# Suggestions for lively, colourful "top dwelling" community fish



## kweenshaker (Mar 11, 2006)

Hi! I've once again stocked my aquarium, but my fish (except the betta) seem to stay at the bottom half of the tank. I'd like some suggestions for fish that will hang out near the surface and not hide in the plants.

The tankmates will be corys, cardinal and rummynose tetras, 1 betta, 1 angel and a pair of kribs.

My criteria are:
- must get along with above fish and especially not nip the betta/angel's fins
- colourful/pretty to look at
- small
- able to live in small #s (I'm thinking of getting 3-5 fish)
and obviously must enjoy swimming near the water's surface.

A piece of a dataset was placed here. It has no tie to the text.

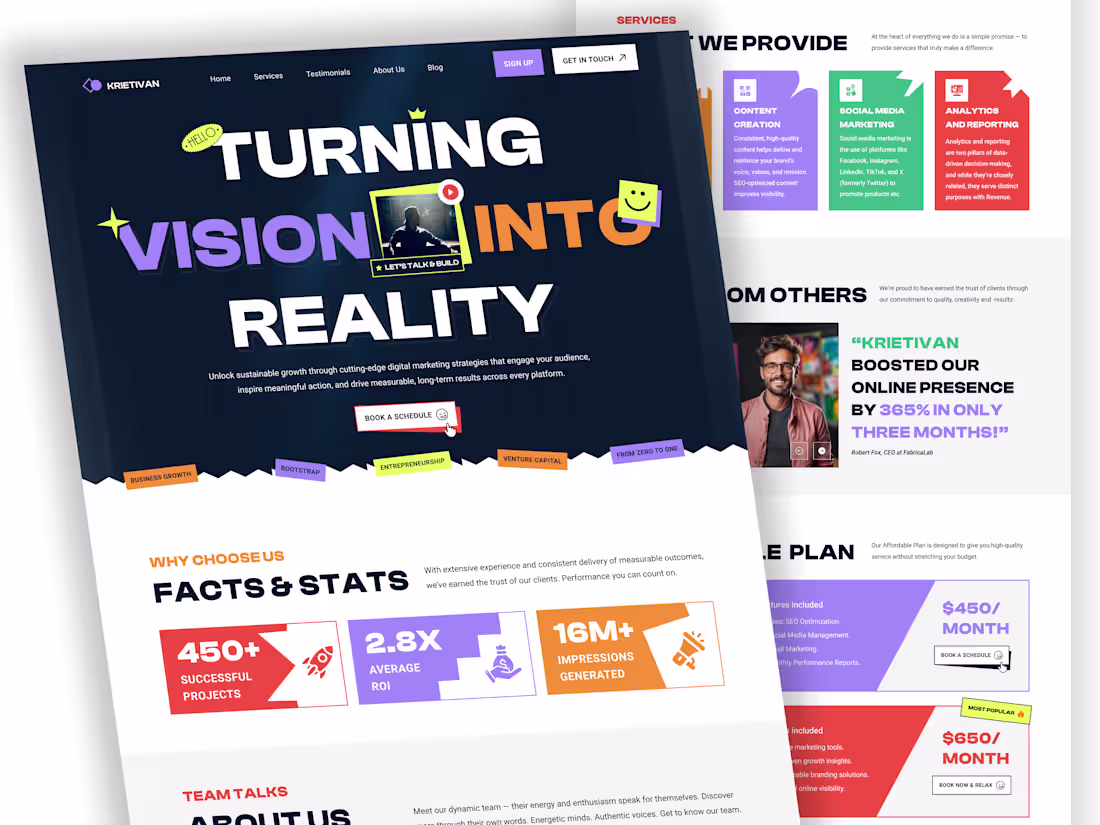Cover image for Modern Digital Agency Website Design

Please don't suggest danios of any kind or hatchetfish (hate the former, have had bad luck with the latter committing suicide)

Thanks!


----------



## WiyRay (Jan 11, 2009)

Clown/Rocket Killifish?


----------



## pat3612 (Jan 29, 2008)

Dwarf Gouramis black neons, rainbows are nice .


----------



## newbiefishfanatic (Dec 11, 2008)

danios and guppies. i find that the ones i have mostly hang out in the middle-top of the tank. my gouramis love to hang out in floating plants at the surface also.


----------



## Riceburner (Mar 14, 2008)

My female gourami used to be all over, but she hides now. The small male does go all over though.

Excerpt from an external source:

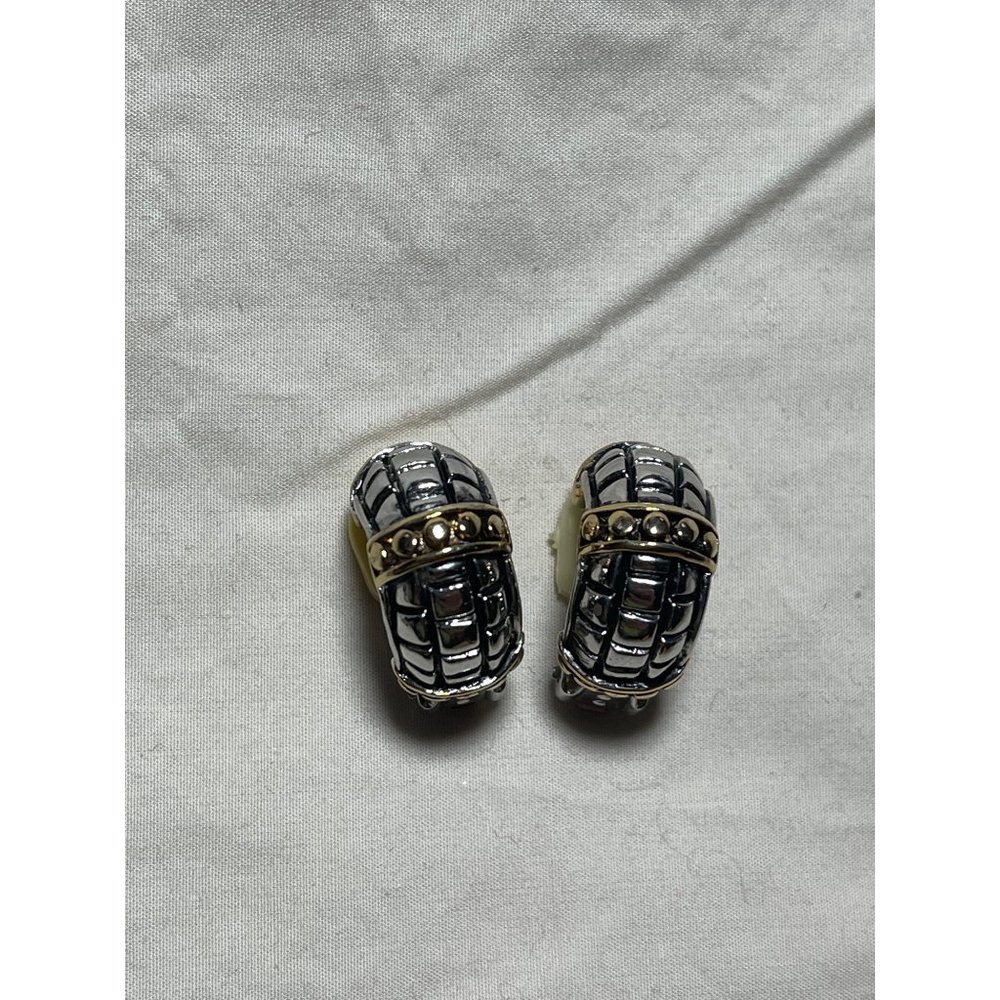 Vintage Gold/Silver 2-Tone Embossed Design Clip-On Earrings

My guppies and platies hang out at the top....but don't know how they would do with a betta. being fancy tail guppies, not sure the betta would take to them or chase and fight with them. Would be great if he got along...would mean a bigger tank for him to roam.


----------



## kweenshaker (Mar 11, 2006)

I _could_ technically put the betta back in a 1 gallon tank, but he seems to like swimming around the larger one. Are gouramis and angels ok together? I like the idea of a couple dwarf gouramis. Never thought of rainbows - although I haven't had much luck with them in the past. I considered black neons, but I think they'd probably just hang out in the plants with my cardinals and rummies....hmmm

oops...I just read that "gouramis" is actually incorrect as gourami is already plural! There's a little english lesson for us all! lol


----------



## Daveyman (Jan 28, 2009)

newbiefishfanatic said:


> danios and guppies. i find that the ones i have mostly hang out in the middle-top of the tank. my gouramis love to hang out in floating plants at the surface also.


Haha that's the same with me!

My Gold Gourami stays in my trees, and my blue gourami stays in the rock castle... their names are Tarzan and King =)


----------



## Janz (Apr 12, 2008)

how anout more cardinal tetras? they will school in bigger groups and feel more secure and there fore be closer to the top!


----------



## Mr Fishies (Sep 21, 2007)

I kept 6-7 White Cloud Mountain minnow with my betta in a 7G. They mostly hung out at the top of the tank adding quite a bit of movement. When they buzzed past him resting on plants, he chased them a lot but I never really saw them bother him.

Pretty and underrated little fish, not as flashy as cardinals or neons, but once they are comfortable in the tank they colour up with sliver/red/brown are really nicely IMO.


----------